* TRY IT
Output verbatim the lines beginning at the one that contains "Imagem 5: Apartamento" and ending at the last line of the material, inclusive of both.

* INPUT DATA

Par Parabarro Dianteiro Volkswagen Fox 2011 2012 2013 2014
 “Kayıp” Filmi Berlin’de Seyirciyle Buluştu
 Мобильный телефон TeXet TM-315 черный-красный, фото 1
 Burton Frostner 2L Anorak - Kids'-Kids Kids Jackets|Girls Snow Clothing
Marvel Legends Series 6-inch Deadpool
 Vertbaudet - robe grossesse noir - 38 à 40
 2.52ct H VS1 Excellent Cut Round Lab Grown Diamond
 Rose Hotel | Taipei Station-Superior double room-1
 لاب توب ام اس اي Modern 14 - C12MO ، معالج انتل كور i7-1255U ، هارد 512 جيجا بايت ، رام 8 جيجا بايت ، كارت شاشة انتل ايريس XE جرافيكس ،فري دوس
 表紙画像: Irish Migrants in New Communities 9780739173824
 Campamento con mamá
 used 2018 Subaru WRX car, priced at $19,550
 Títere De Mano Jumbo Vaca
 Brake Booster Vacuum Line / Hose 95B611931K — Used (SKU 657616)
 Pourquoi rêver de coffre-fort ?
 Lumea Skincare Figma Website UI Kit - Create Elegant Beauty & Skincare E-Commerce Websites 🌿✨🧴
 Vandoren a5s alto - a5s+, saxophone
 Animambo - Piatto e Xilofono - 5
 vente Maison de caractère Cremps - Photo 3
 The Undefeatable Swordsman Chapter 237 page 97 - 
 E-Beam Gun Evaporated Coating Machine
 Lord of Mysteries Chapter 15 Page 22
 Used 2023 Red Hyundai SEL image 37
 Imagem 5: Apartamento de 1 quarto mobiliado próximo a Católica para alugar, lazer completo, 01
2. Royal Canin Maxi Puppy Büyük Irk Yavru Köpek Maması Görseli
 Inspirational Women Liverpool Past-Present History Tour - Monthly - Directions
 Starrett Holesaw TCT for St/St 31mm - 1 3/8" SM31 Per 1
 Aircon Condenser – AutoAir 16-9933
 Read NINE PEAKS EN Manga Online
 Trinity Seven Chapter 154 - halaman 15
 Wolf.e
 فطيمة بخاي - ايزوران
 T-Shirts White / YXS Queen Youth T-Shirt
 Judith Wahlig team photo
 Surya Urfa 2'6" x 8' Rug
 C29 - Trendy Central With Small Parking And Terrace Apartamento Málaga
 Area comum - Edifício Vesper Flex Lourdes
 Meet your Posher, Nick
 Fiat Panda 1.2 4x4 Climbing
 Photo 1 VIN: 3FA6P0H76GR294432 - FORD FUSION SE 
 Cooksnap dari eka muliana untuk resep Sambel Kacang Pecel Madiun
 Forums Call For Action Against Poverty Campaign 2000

* RESPONSE
 Imagem 5: Apartamento de 1 quarto mobiliado próximo a Católica para alugar, lazer completo, 01
2. Royal Canin Maxi Puppy Büyük Irk Yavru Köpek Maması Görseli
 Inspirational Women Liverpool Past-Present History Tour - Monthly - Directions
 Starrett Holesaw TCT for St/St 31mm - 1 3/8" SM31 Per 1
 Aircon Condenser – AutoAir 16-9933
 Read NINE PEAKS EN Manga Online
 Trinity Seven Chapter 154 - halaman 15
 Wolf.e
 فطيمة بخاي - ايزوران
 T-Shirts White / YXS Queen Youth T-Shirt
 Judith Wahlig team photo
 Surya Urfa 2'6" x 8' Rug
 C29 - Trendy Central With Small Parking And Terrace Apartamento Málaga
 Area comum - Edifício Vesper Flex Lourdes
 Meet your Posher, Nick
 Fiat Panda 1.2 4x4 Climbing
 Photo 1 VIN: 3FA6P0H76GR294432 - FORD FUSION SE 
 Cooksnap dari eka muliana untuk resep Sambel Kacang Pecel Madiun
 Forums Call For Action Against Poverty Campaign 2000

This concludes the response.